Der Verzicht auf Leroy Sané, immerhin in der englischen Premier League und im Dauerdienst des überragenden Meisters Manchester City zum Nachwuchsspieler der Saison gewählt, wird dem Bundestrainer ebenso angelastet wie ein fehlender Taktik-Plan B, eine mangelnde, defensive Grundordnung und die nicht vorhande Stammelf. Ob es Sané, Sandro Wagner und Co. gerichetet hätten? Hypothetisch. Und eher unwahrscheinlich. Denn sollten Wohl und Wehe einer Mannschaft tatsächlich an einem 22-Jährigen hängen, der bisher elf Länderspiele absolviert hat, wäre dies tatsächlich alarmierend. Plan B hingegen war durchaus vorhanden, hieß unter anderem Mario Gomez und Dreierkette und war schlicht vom Pech verfolgt. Wie übrigens die gesamte Vorrunde der deutschen Elf, das belegen auch die Zahlen. 72 Prozent Ballbesitz konnte die Mannschaft in den drei Spielen durchschnittlich für sich verbuchen, überragende 89 Prozent aller Pässe kamen an. Daraus entsprangen insgesamt 72 zu 32 Torschüsse. Auch die Qualität dieser Versuche sprach für das deutsche Team. Die Rate der „Expected Goals“, ein statistischer Wert, der für eine komplette Partie zur Grundlage nimmt, wie wahrscheinlich einzelne Torschüsse zu einem Torerfolg führten, sah die Mannschaft sowohl gegen Schweden (1,5 zu 1,4) als auch gegen Südkorea (1,8 zu 1,6) vorn.

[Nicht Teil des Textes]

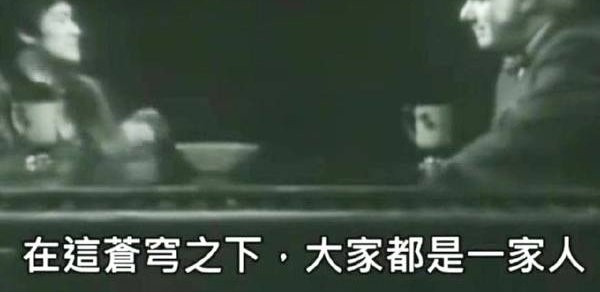 李小龙成名后受人刁难,被问“你是哪国人?”他的回答太争气!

Das sind keine gravierenden Unterschiede, sie zeigen aber auf, dass Jogi Löw und seine Spieler vor allem auch eines hatten: Pech. Dass dies am Ende ausschlaggebend wurde, überrascht dennoch. Zu groß schien die individuelle Klasse des deutschen Kaders. Groß genug zumindest, um den Unwägbarkeiten des Zufalls wenigstens in der Vorrunde ein Schnippchen zu schlagen. Weshalb das fehlende Glück schließlich eine solch prägnante Rolle spielte, hat seine Gründe. Ihnen auf die Spur zu kommen, wird nun die Aufgabe rund um die Nationalmannschaft sein, wird die Zeit zeigen. Ohne Einblicke in das Innenleben der Mannschaft ist eine qualifizierte Analyse allerdings unmöglich. Immerhin eines ist bis dahin wie immer gewiss: Mal verliert man, mal gewinnen die anderen.